Ik kan mij geen flaneer-fietspad langs de kust herinneren, en geen strand ook eigenlijk. We waren de stad uitgelopen, de Potemkintrappen af om naar de haven te zoeken, over de Zwarte zee uit te kijken, om de mogelijkheid te ontdekken om per boot de oversteek naar de Krim te maken. ‘Het weer is prachtig, het water rustig, de koffie Italiaans’, schrijft Michael Persson in de openingszinnen van zijn reportage over de oorlogseconomie in Одеса, afgelopen dinsdag in De Volkskrant. Wij liepen zestien jaar geleden een havenkantoortje binnen aan de kade waar een paar vissersboten lagen aangemeerd. Nee, van een geregelde veerdienst naar Севастополь of een van de andere havensteden op het schiereiland aan de overkant, hadden ze niet gehoord. We moesten naar een andere reismogelijkheid uitzien. We wierpen nog een blik op de zee, die groot was en leeg en vrij van mijnen, die dag in juli.

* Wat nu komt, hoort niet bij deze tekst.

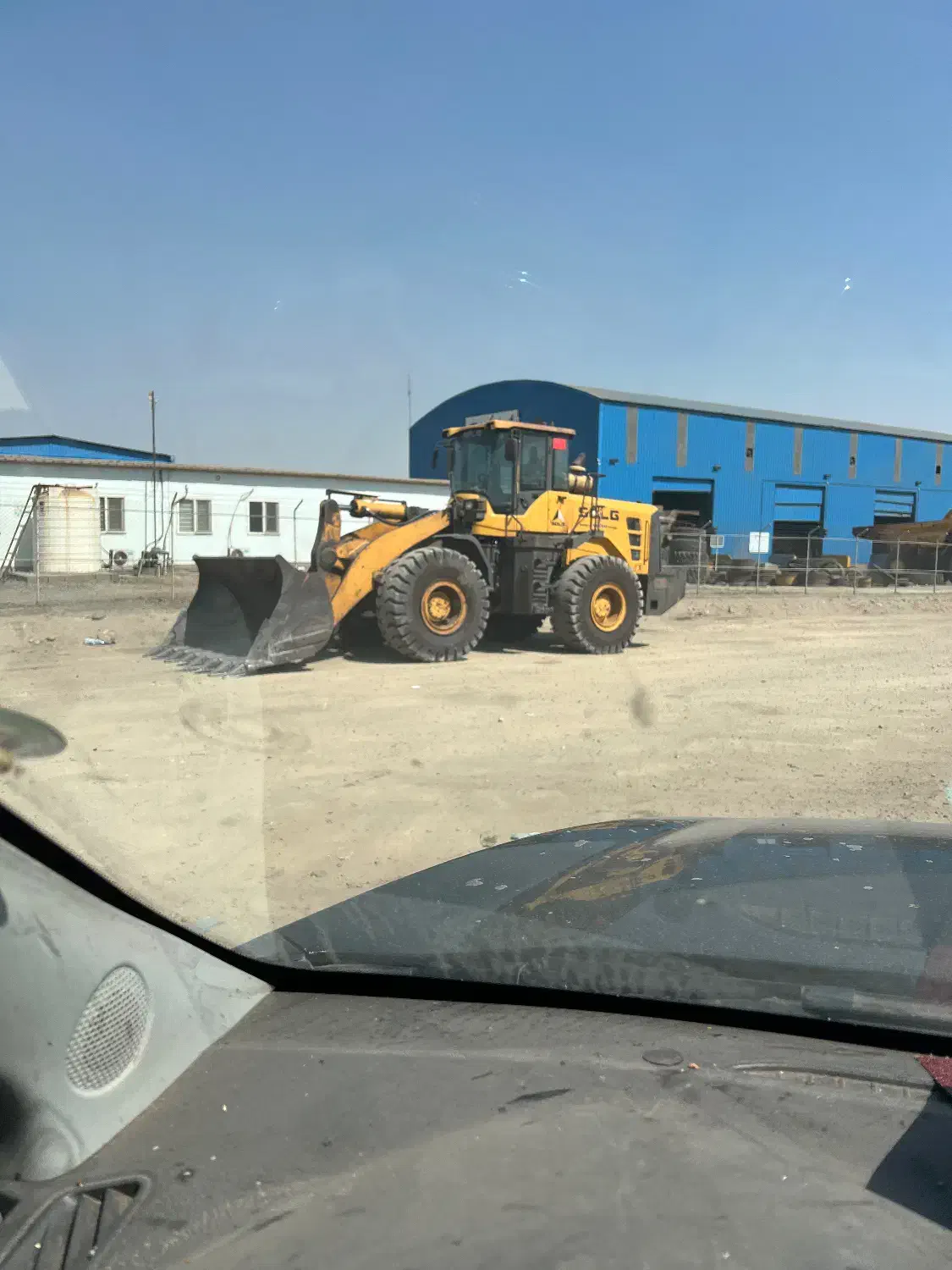 لودر زد ال ۵۰|خودرو سنگین|کرمان, |دیوار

Te laat. Natuurlijk waren we er te laat. Ruim een eeuw geleden kon de stad wedijveren met het mooiste dat de late Negentiende eeuw schonk aan Brussel, Parijs, Wenen en Boedapest. Gebouwen in neoklassieke stijl, passages, kariatiden tegen de gevels, stucwerk in pastelkleuren, geel, roze en wit, brede lanen onder kastanjebomen en platanen, pleinen met fonteinen, grands cafés en de verlichting van gaslantaarns als de schemer valt. Maar nu wij er zijn is het asfalt in de straten een patchwork van reparaties. De bomen van honderd jaar geleden spreiden hun kruinen royaal over de rijbaan, terwijl hun wortels het trottoir omwoelen. Je moet uitkijken waar je loopt om niet te zwikken. Het pleisterwerk van de gevels is gebladderd, kozijnen zijn verrot, de beelden vertonen barsten, sommige huizen zijn ingestort. Achter een gerestaureerde pui verrijst een wand met spiegelglas. Het is een shopping mall geworden.
In andere jaren had het hier vol gezeten met Oekraïners, Turken, Amerikanen, Arabieren, en ja, Russen, vervolgt Michael Persson zijn verhaal. Zo is het. Одеса was en is en blijft een trekpleister met banken, clubs en casino’s, terrassen onder parasols, schaars geklede toeristen in het seizoen en als het avond is geroezemoes van stemmen en het klikken van pumps op de ongelijke trottoirs onder de bomen.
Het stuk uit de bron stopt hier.